Qualcomm bullish about heterogenous computing

Expect the Adreno GPU to play a much bigger role in the Snapdragon system-on-chip (SoC) according to Qualcomm’s director of Adreno product management, Tim Leland, as we asked him to provide us with clues about the future of the GPU from Qualcomm's perspective.

Heterogenous computing, he hinted, will play a big role in Adreno’s future and by extension, carry a much bigger importance in the fabric of the system-on-chip. This is in line with a general industry trend that has put increasing emphasis on using the graphics processing unit as a viable companion to the CPU (Krait in this case) rather than "just" a sidekick.

Leland said that a current generation flagship GPU like the Adreno 320 is now expected to do more "lifting" compared to previous generations as companies come up with more innovative ways to use the resources available (see Adreno 320 GPU could bring Lytro photography to phones).

General purpose GPUs will play a much bigger role in the future and Leland confirmed that the design process for future Snapdragon products will "ensure that the GPU and CPU will make the best use of the die space, reducing the amount of redundancy and maximising efficiency".

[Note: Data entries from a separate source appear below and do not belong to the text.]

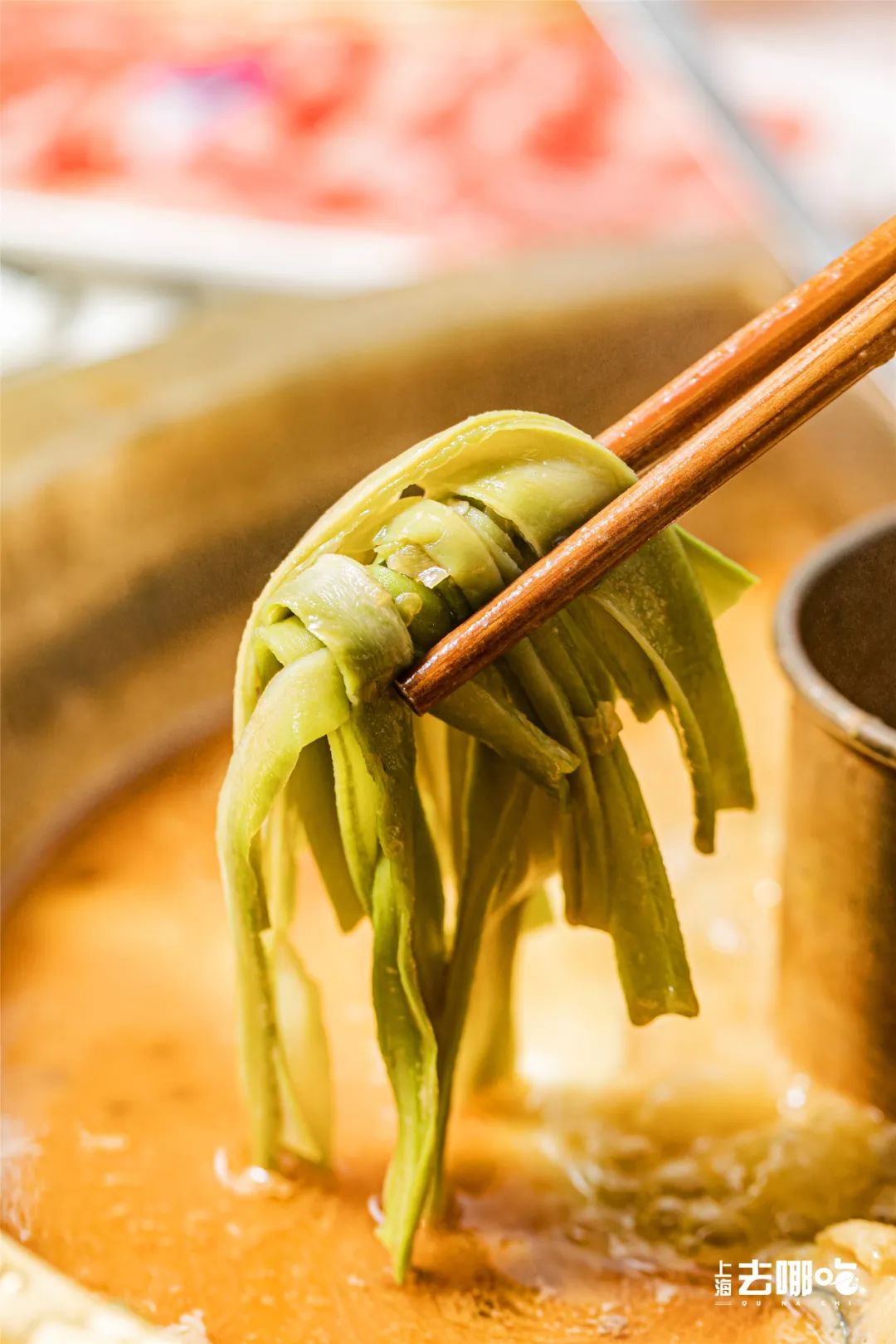 汤汁的辛香麻辣,依附在贡菜上,满嘴间都是"咯吱咯吱"的鲜嫩脆爽!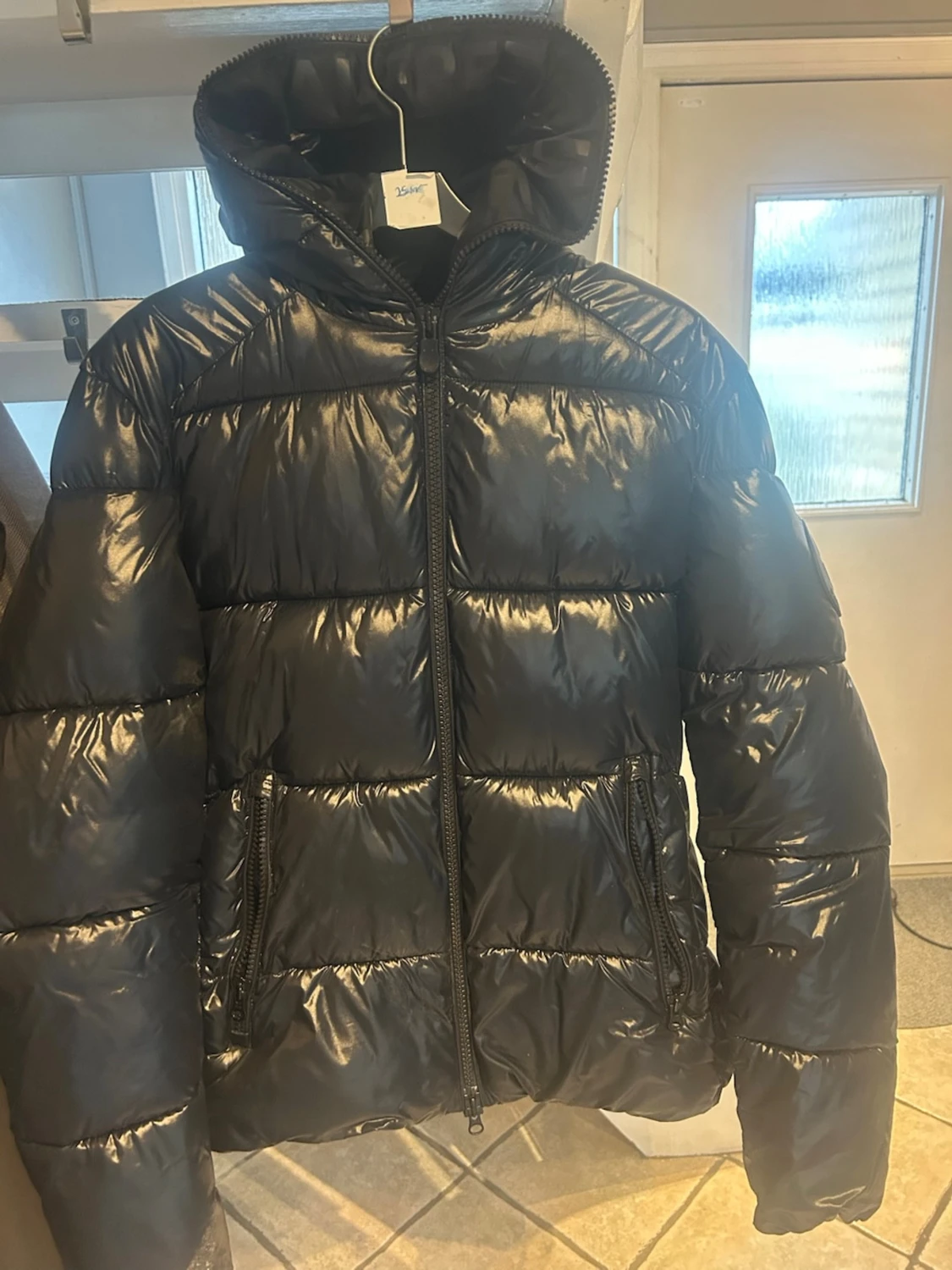 Svart pufferjacka från Save The Duck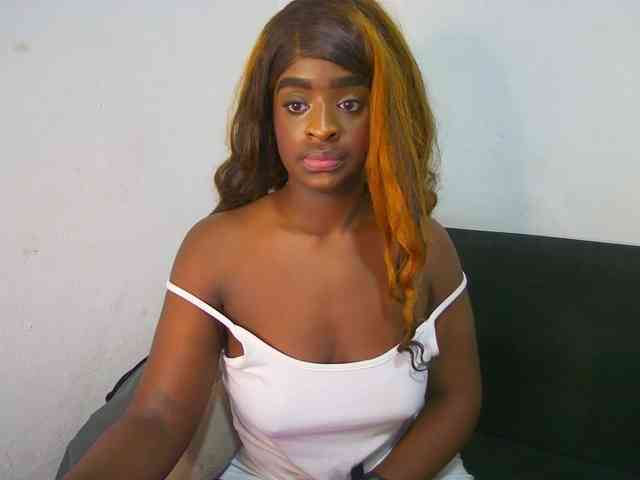 Amara__R1 webcam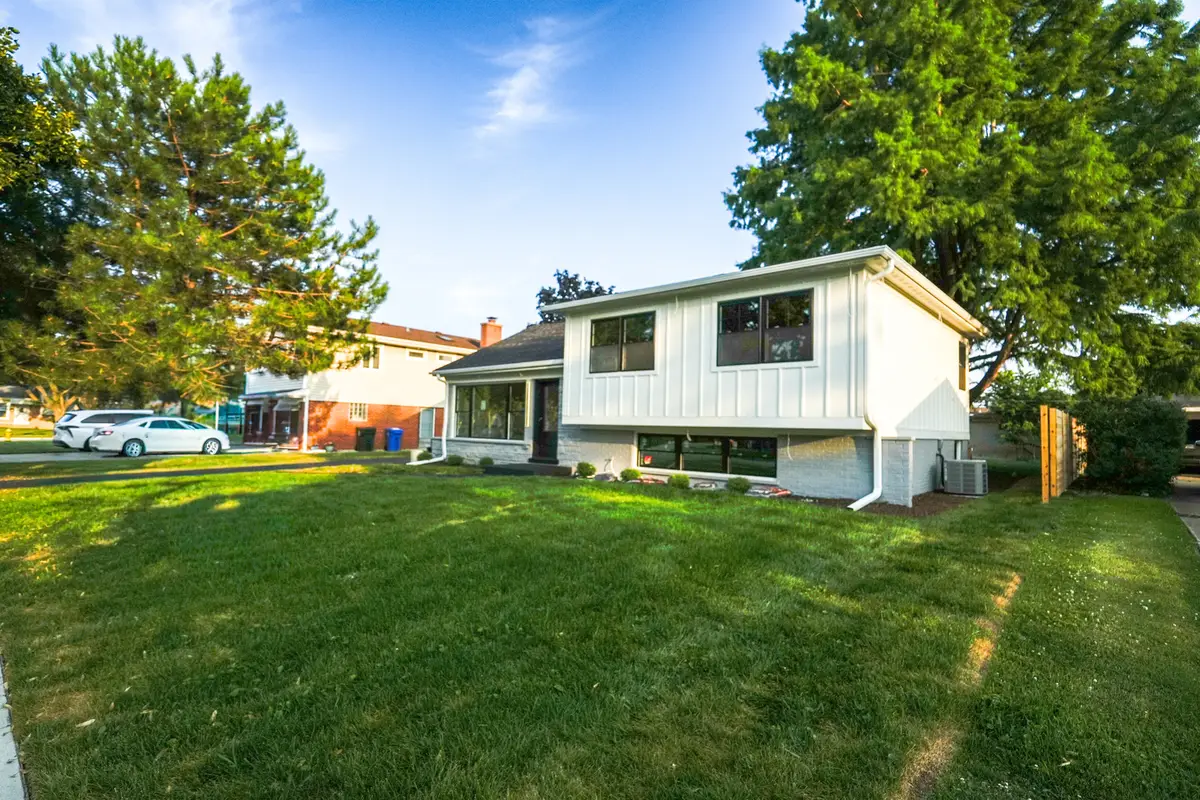 1707 W Martin Lane, Mount Prospect, IL 60056 - #1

The Adreno 320, which Qualcomm reckons provides a similar gaming performance to the PS3 and the Xbox 360, is the first GPU from Qualcomm to fully support GPGPU (General Purpose Graphics Processing Unit) computing thanks to the addition of OpenCL 1.2, Google RenderScript and Microsoft Direct3D 11 with feature level 9_3.

Turning to the Snapdragon family, Michelle Leyden Li, who is in charge of marketing for Snapdragon SoCs, confirmed that the new naming convention, which sees dozens of Snapdragon processors being rearranged in four neat families (S1, S2, S3 and S4), was well received by partners and gathered momentum.

Ms Leyden Li declined to comment on the feedback received from ODMs and OEMs regarding Windows RT, which is scheduled for launch towards the end of October, although she did highlight the fact that developers – who received Windows RT-powered Qualcomm devices in February – had given a very warm reception to the new OS.

Qualcomm, Ms Leyden Li reiterated, delivers a superset of features and is not focused on form factors, preferring to leave that to its partners. New developments like the launch of the Qualcomm Reference Design programme enable companies like Lenovo to penetrate a target market with little or no friction.

However, one of the main challenges for Qualcomm over the next few years will be to meet the demand from consumers for more and better features while keeping in check the power envelope, product fragmentation and juggling up to seven tiers in mobile.

Qualcomm sent us this excerpt about its QRD programme

“The QRD program allows OEMs to launch products faster and at lower engineering costs, basing their devices off of Qualcomm’s industry-leading Snapdragon S4 mobile processors. The QRD ecosystem includes comprehensive handset development platforms; it also provides access to third-party providers of tested and verified hardware and software components for rapid delivery of commercial high-volume smartphone devices with unique differentiated user experiences. To date, the QRD program has launched 57 products and has collaborated with more than 40 OEMs with approximately 100 devices in the pipeline – all aimed at bridging the gap between feature phones and smartphones in emerging regions.”